I asked the readers of my monthly newsblast six questions on 21 November. Two were about their age and sex, one was about how they felt about the future of wildlife in the UK, and three were about politics.
Here are the responses of 464 people up until I closed the poll yesterday at 6pm (although almost all (79%) of the responses were from 21-23 November).
The respondents are quite like me – unsurprisingly: around my age and predominantly of my sex.


They also were strongly skewed towards voting Labour at the last general election.

But they are heading for other parties, predominantly Green in their current thoughts.

Just looking at the 199 folk who say they voted Labour in July 2024 and who indicated how they would vote in a general election tomorrow then only 28 would still vote Labour. 118 of those 199 say they would switch to the Greens (E&W), 30 to the Liberal Democrats and smaller numbers across other political parties or (not voting) but none to the Conservatives.
Recipients of my monthly newsblast are interested in nature – how do they feel about it?

And how do they think the current Westminster government is doing on the environment?

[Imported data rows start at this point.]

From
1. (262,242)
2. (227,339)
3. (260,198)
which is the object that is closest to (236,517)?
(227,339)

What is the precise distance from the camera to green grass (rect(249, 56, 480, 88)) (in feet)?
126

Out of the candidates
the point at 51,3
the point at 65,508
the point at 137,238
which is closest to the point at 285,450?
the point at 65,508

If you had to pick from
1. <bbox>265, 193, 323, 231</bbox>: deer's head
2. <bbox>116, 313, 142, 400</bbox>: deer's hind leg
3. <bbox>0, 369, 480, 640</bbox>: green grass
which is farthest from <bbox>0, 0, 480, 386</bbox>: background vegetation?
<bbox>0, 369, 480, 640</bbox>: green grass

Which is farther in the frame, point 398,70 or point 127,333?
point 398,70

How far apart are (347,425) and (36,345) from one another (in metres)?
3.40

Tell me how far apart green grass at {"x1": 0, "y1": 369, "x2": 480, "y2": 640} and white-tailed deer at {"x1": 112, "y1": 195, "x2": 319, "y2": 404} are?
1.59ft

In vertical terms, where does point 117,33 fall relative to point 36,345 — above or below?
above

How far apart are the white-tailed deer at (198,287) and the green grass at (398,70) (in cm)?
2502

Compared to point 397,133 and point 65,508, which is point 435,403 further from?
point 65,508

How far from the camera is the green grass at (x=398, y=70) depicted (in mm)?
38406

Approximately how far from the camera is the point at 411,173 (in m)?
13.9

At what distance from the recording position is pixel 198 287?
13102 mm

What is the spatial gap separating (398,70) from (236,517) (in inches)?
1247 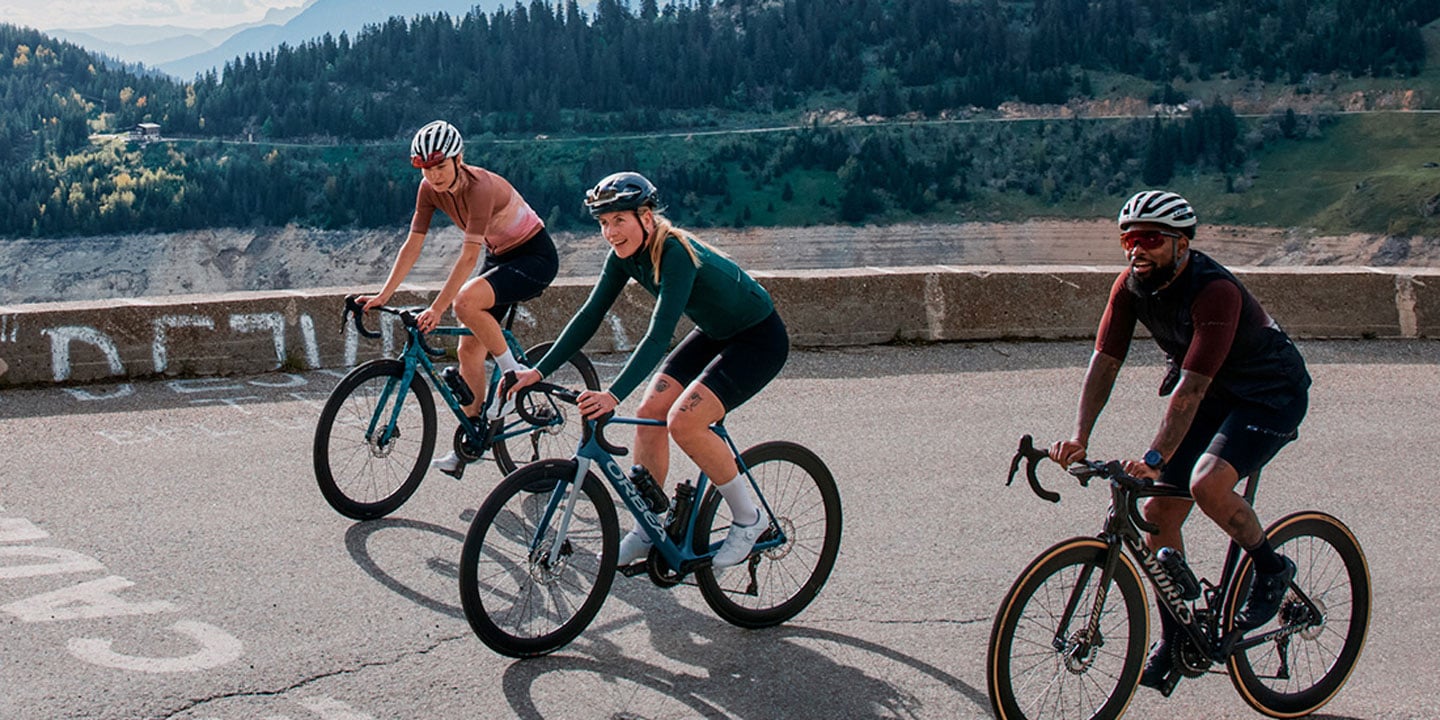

My interpretation of these results: these results are easy to interpret! This small and unrepresentative group of middle-aged or simply aged electors who are the type of people who notice the plants growing in the pavements and the fields and the birds flying overhead are hugely concerned about the state of British wildlife and think the government is doing a bad job on the environment. They voted Labour in the last general election because they were fed up with the Conservatives and gave Labour a chance. They now aren’t so much feeling buyers’ remorse but a mixture of buyers’ anger and buyers’ despair. They feel that Labour can’t be trusted any more than the Conservatives and are looking around for a political party who could do better. The Greens will be the main beneficiaries.
It’s probably a long time until the next general election and everything and anything could change. Hardly anyone votes primarily on environmental grounds alone but at a time of rapid biodiversity loss and climate change those issues loom very large in some people’s minds and those responding to this poll are some of those people. Labour has blown it with this group of people. I doubt they will win them all, us all, back, and at the moment there is no sign that they will even try.